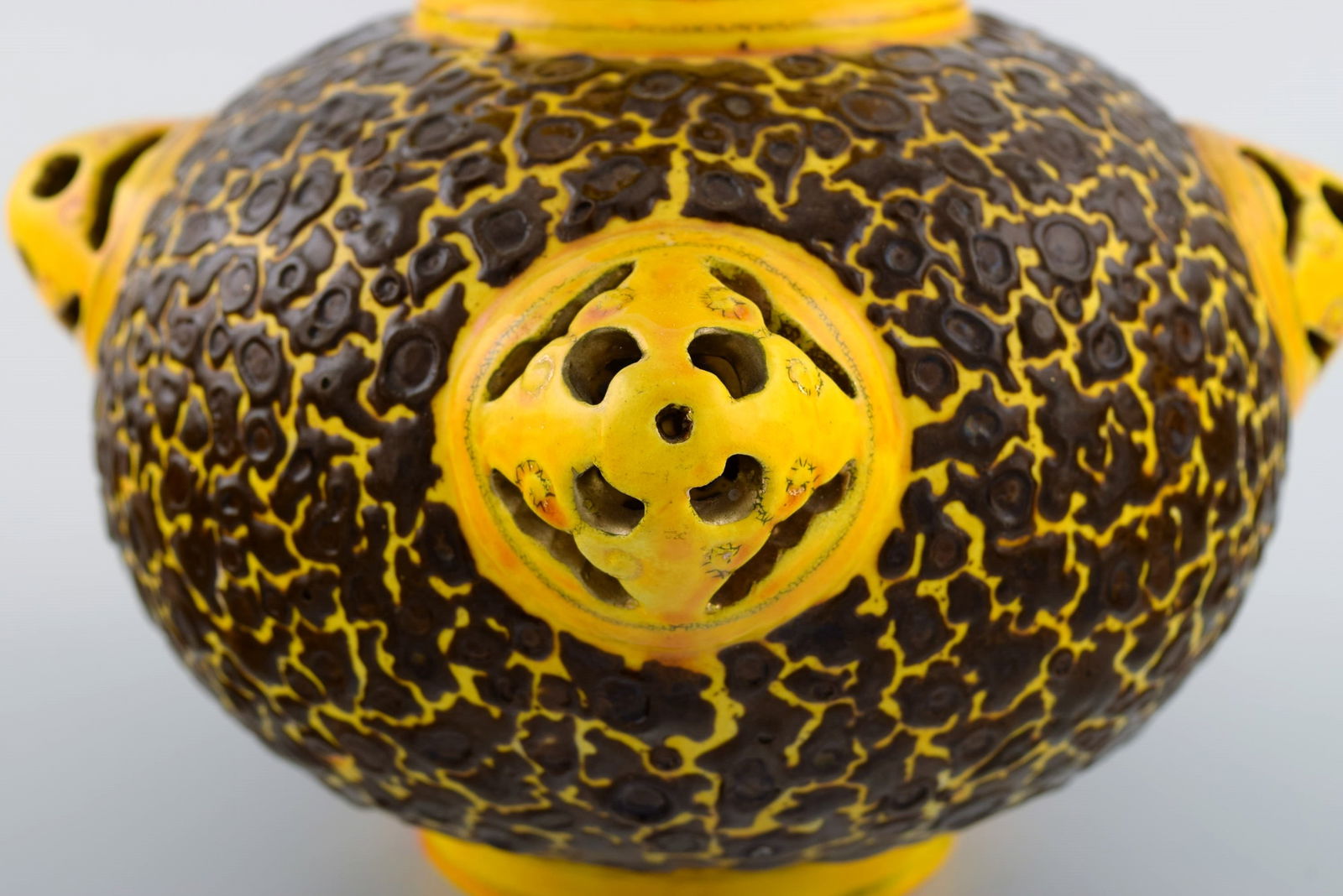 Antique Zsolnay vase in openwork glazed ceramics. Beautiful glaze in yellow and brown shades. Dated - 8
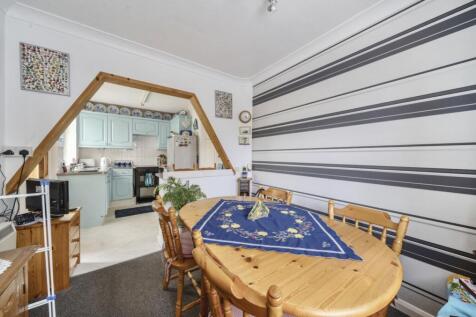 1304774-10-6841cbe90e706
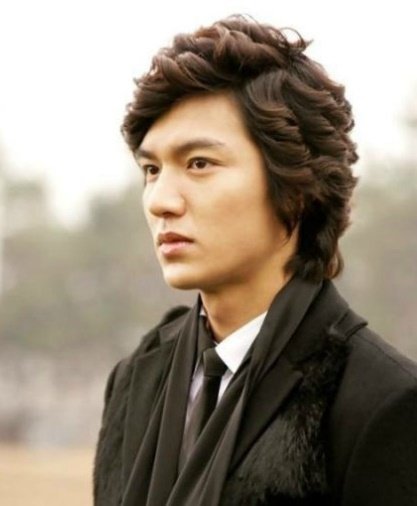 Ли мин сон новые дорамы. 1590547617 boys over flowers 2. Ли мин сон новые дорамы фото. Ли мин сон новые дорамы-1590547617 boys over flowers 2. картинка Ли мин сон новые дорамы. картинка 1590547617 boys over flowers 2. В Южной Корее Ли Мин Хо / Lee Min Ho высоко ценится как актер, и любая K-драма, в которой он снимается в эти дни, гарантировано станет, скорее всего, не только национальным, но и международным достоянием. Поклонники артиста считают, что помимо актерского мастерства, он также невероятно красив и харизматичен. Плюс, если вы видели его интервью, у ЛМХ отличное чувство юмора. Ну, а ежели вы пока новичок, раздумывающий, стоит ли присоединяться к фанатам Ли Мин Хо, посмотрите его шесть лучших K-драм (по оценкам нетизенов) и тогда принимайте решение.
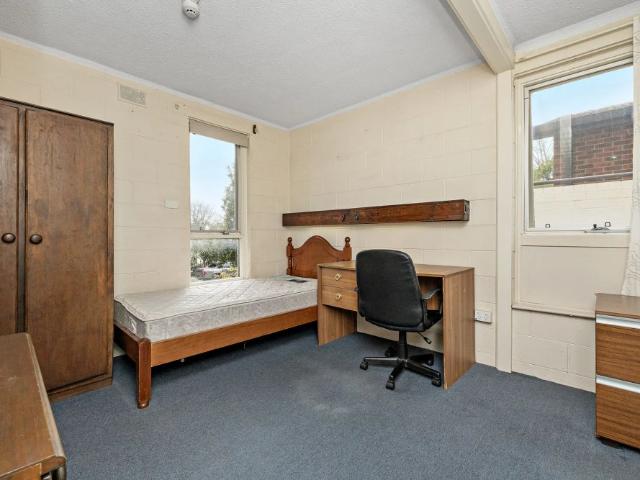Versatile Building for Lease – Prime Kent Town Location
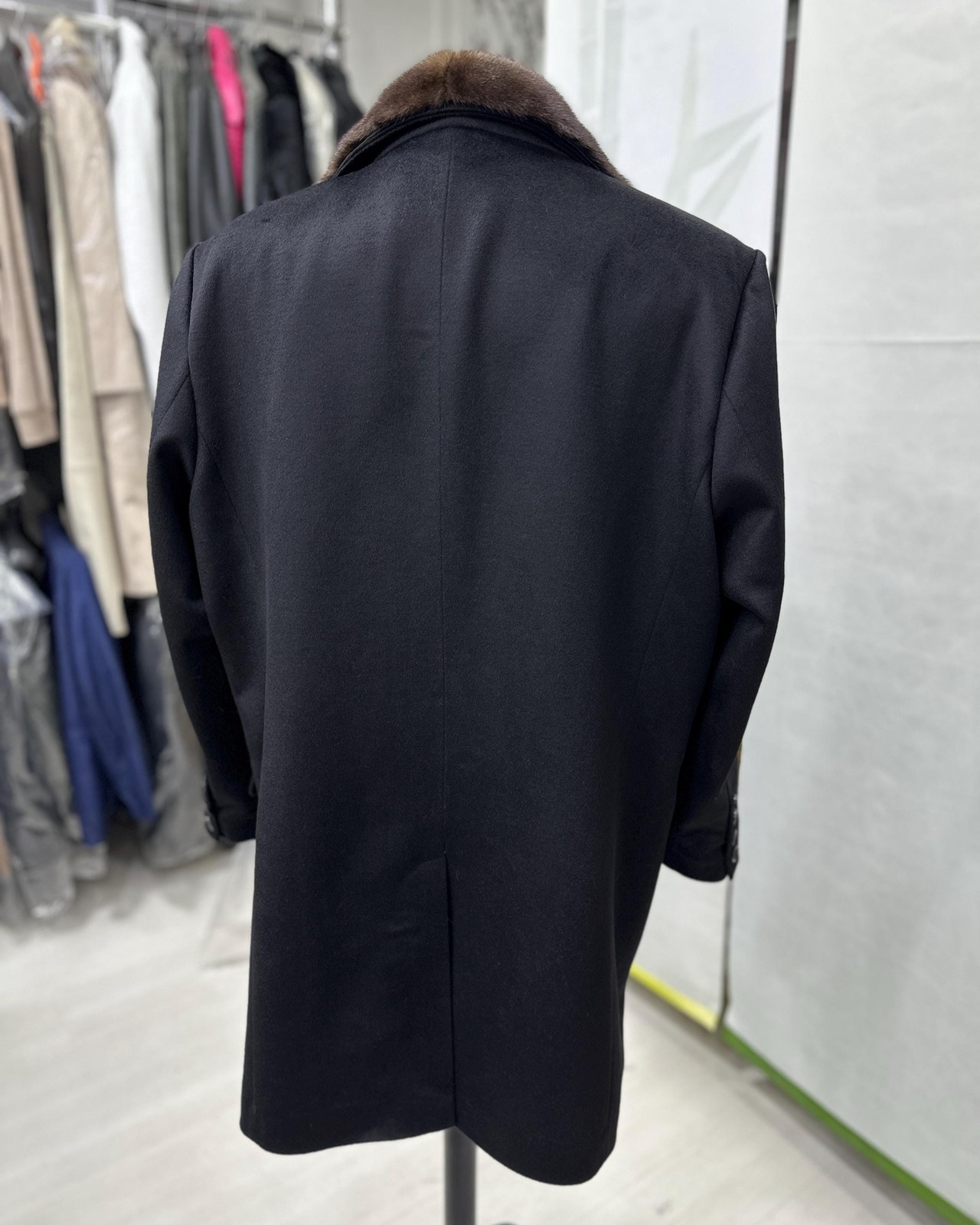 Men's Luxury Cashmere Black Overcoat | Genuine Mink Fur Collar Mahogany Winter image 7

■ **Task directions**: What you return must match the lines from the top of the data through the line with "1304774-10-6841cbe90e706" exactly, with the pictures removed.

■ **Your solution**:
 Antique Zsolnay vase in openwork glazed ceramics. Beautiful glaze in yellow and brown shades. Dated - 8
 1304774-10-6841cbe90e706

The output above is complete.